[aprssig] Cool new sensor
Steve Dimse
steve at dimse.com
Wed Mar 25 01:07:22 EDT 2015
On Mar 25, 2015, at 12:25 AM, Scott Miller <scott at opentrac.org> wrote:
> My money would be on the magnetometer for linearity and long-term stability, since you're just counting zero crossings over time. You don't need to worry about offset, non-linearity, or drift. Or the mounting position of the sensor.
>
I'm thinking off the top of my head, but if an accelerometer were mounted in an anemometer perfectly square and at rest, the vertical axis has 1 g, the other two 0 g. As it spins up the 1 g axis does not change, one horizontal axis has the centrifugal force and the other varies depending on whether the anemometer is speeding up or slowing down. Since the centrifugal axis directly indicates the speed it seems to me an easier option. It does require a zero calibration in a real, imperfect mounting, but as long as the mounting were close enough that the zero angle approximation applies it is simple subtraction of the value at rest. Each measured centrifugal acceleration is directly convertible to a speed, so you get windspeed readings at the rate of the sensor, faster than the zero crossing magnetic method where the windspeed rate will be available once per rotation (or would it twice?), and the sensor rate, rather than being the data rate becomes the resolution limit.

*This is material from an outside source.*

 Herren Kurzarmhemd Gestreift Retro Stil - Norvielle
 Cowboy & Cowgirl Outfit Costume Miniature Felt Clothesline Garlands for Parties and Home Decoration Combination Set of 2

Imagine the anemometer rotating at a rate one-fourth the sensor rate. Using the accelerometer you get a wind reading four times per revolution, and the error on each is the sensor error plus any uncorrected level error. If you use zero crossing magnetometer you get one or two readings per revolution, and the error is the sensor error +/- 12.5%. Faster sensor rates will lower the 25% error, but you are still stuck at one or two readings per revolution, whereas increasing the accelerometer sensor rate gives you more frequent data, with more opportunity to average out noise.
Not to mention magnetic north drifts but 1g has been 1g for a very long, long time!
Wanna have an anemometer throwdown? ;-)
> And yeah, the fact that handheld anemometers are dirt cheap now is why I didn't bother with the phone thing.
>
Damn progress ruins another cool idea!